[Task instructions]
Please print exactly the line containing "Hotel Exterior 16 of 17" and every line after it to the end of the records below, and nothing more.

[Given information]

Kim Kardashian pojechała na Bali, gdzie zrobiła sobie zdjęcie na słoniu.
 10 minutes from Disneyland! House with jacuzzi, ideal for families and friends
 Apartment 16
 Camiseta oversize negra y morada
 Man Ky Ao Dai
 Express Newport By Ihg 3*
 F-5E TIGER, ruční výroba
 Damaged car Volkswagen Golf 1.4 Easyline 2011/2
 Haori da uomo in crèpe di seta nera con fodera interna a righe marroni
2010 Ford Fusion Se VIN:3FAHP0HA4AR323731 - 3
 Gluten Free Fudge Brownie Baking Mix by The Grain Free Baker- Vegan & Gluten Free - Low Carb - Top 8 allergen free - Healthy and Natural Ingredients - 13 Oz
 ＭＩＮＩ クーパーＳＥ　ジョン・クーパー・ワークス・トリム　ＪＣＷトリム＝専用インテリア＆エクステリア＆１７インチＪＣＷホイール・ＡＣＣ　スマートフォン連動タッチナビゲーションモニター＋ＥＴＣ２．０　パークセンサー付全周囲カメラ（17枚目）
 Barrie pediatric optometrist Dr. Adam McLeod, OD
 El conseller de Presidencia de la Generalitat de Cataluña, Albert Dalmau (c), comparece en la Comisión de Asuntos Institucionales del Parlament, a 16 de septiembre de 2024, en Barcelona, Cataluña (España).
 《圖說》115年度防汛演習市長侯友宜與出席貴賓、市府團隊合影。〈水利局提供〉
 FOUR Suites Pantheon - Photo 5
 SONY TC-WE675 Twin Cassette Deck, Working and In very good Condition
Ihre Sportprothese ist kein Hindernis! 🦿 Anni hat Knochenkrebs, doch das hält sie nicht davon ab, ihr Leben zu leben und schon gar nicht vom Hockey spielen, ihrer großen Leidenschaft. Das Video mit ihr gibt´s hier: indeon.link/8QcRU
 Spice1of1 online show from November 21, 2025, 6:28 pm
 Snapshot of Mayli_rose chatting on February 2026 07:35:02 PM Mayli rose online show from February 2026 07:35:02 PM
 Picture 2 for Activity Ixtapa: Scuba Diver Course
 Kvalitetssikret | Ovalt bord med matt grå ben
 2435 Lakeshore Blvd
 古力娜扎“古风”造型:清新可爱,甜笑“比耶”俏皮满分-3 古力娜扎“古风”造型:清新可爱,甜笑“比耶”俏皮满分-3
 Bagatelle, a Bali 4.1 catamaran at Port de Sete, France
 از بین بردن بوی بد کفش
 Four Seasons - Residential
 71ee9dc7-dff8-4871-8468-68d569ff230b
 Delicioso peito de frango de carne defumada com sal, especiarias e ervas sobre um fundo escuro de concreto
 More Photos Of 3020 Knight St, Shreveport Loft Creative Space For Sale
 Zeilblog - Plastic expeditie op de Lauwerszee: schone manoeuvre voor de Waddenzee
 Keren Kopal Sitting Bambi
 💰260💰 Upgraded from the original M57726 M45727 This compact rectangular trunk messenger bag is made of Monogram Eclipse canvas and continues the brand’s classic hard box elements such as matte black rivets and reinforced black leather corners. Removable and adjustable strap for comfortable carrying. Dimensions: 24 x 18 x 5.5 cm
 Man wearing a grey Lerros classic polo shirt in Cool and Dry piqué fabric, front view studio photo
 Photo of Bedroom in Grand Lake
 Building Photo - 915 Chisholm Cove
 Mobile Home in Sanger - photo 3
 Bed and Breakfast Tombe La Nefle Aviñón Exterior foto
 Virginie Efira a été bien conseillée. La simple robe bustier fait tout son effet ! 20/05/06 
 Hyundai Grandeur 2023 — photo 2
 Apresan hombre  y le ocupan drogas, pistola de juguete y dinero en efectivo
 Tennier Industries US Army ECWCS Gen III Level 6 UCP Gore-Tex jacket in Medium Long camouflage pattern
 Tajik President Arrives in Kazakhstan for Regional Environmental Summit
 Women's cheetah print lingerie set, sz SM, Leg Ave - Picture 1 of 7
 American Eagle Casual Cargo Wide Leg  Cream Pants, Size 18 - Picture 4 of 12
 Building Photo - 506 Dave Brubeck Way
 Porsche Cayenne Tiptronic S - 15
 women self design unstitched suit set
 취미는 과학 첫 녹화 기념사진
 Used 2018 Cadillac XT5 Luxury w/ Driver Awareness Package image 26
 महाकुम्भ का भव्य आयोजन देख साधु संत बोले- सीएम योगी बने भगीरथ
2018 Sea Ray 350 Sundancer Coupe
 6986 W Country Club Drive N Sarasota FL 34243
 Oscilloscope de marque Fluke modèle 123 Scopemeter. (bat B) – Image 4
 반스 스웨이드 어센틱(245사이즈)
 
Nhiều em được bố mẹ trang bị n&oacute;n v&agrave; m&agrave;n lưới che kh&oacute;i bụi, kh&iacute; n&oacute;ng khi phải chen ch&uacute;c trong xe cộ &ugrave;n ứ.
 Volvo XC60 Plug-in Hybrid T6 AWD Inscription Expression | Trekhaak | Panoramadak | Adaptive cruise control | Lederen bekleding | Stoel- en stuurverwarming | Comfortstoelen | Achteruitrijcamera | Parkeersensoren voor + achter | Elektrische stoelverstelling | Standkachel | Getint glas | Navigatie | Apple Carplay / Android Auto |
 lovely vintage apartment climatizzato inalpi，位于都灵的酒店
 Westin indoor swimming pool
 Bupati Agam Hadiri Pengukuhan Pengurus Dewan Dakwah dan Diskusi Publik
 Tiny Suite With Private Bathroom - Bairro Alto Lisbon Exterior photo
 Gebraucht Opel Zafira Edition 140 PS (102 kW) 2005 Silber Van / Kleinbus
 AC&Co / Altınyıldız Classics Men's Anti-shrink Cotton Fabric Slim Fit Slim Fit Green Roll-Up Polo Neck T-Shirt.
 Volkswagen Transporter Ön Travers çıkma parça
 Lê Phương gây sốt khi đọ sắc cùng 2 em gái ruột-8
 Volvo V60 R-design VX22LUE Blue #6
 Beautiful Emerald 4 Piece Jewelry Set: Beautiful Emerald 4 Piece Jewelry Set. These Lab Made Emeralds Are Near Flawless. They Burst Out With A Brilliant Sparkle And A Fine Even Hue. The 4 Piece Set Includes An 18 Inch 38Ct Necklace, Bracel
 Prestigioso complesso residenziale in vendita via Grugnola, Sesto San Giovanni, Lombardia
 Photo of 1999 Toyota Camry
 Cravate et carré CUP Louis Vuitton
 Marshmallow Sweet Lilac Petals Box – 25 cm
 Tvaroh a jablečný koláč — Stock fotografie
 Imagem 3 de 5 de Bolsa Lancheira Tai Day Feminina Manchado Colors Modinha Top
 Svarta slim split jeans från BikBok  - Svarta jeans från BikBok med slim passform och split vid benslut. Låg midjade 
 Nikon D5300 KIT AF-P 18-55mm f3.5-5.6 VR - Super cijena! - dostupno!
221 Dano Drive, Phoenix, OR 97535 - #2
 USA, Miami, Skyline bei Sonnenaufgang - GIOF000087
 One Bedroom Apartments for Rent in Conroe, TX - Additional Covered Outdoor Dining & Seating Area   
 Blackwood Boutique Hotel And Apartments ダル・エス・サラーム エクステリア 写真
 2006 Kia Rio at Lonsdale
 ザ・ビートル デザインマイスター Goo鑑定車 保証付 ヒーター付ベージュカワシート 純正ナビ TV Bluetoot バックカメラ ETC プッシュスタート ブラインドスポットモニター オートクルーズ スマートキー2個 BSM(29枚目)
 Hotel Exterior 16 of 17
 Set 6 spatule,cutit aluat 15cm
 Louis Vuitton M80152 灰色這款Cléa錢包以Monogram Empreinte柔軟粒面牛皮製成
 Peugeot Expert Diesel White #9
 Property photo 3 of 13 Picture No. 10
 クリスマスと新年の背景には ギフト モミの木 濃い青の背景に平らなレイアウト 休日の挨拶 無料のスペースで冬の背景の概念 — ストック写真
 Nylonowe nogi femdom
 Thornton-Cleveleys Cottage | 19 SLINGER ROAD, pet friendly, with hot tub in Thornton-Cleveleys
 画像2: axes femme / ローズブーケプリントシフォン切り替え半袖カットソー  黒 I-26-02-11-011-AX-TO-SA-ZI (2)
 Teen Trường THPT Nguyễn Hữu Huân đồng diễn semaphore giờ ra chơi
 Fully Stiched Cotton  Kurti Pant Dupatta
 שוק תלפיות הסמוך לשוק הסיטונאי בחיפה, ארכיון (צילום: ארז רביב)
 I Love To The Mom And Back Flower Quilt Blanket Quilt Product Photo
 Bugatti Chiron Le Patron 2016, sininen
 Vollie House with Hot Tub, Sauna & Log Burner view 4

[Finished task]
 Hotel Exterior 16 of 17
 Set 6 spatule,cutit aluat 15cm
 Louis Vuitton M80152 灰色這款Cléa錢包以Monogram Empreinte柔軟粒面牛皮製成
 Peugeot Expert Diesel White #9
 Property photo 3 of 13 Picture No. 10
 クリスマスと新年の背景には ギフト モミの木 濃い青の背景に平らなレイアウト 休日の挨拶 無料のスペースで冬の背景の概念 — ストック写真
 Nylonowe nogi femdom
 Thornton-Cleveleys Cottage | 19 SLINGER ROAD, pet friendly, with hot tub in Thornton-Cleveleys
 画像2: axes femme / ローズブーケプリントシフォン切り替え半袖カットソー  黒 I-26-02-11-011-AX-TO-SA-ZI (2)
 Teen Trường THPT Nguyễn Hữu Huân đồng diễn semaphore giờ ra chơi
 Fully Stiched Cotton  Kurti Pant Dupatta
 שוק תלפיות הסמוך לשוק הסיטונאי בחיפה, ארכיון (צילום: ארז רביב)
 I Love To The Mom And Back Flower Quilt Blanket Quilt Product Photo
 Bugatti Chiron Le Patron 2016, sininen
 Vollie House with Hot Tub, Sauna & Log Burner view 4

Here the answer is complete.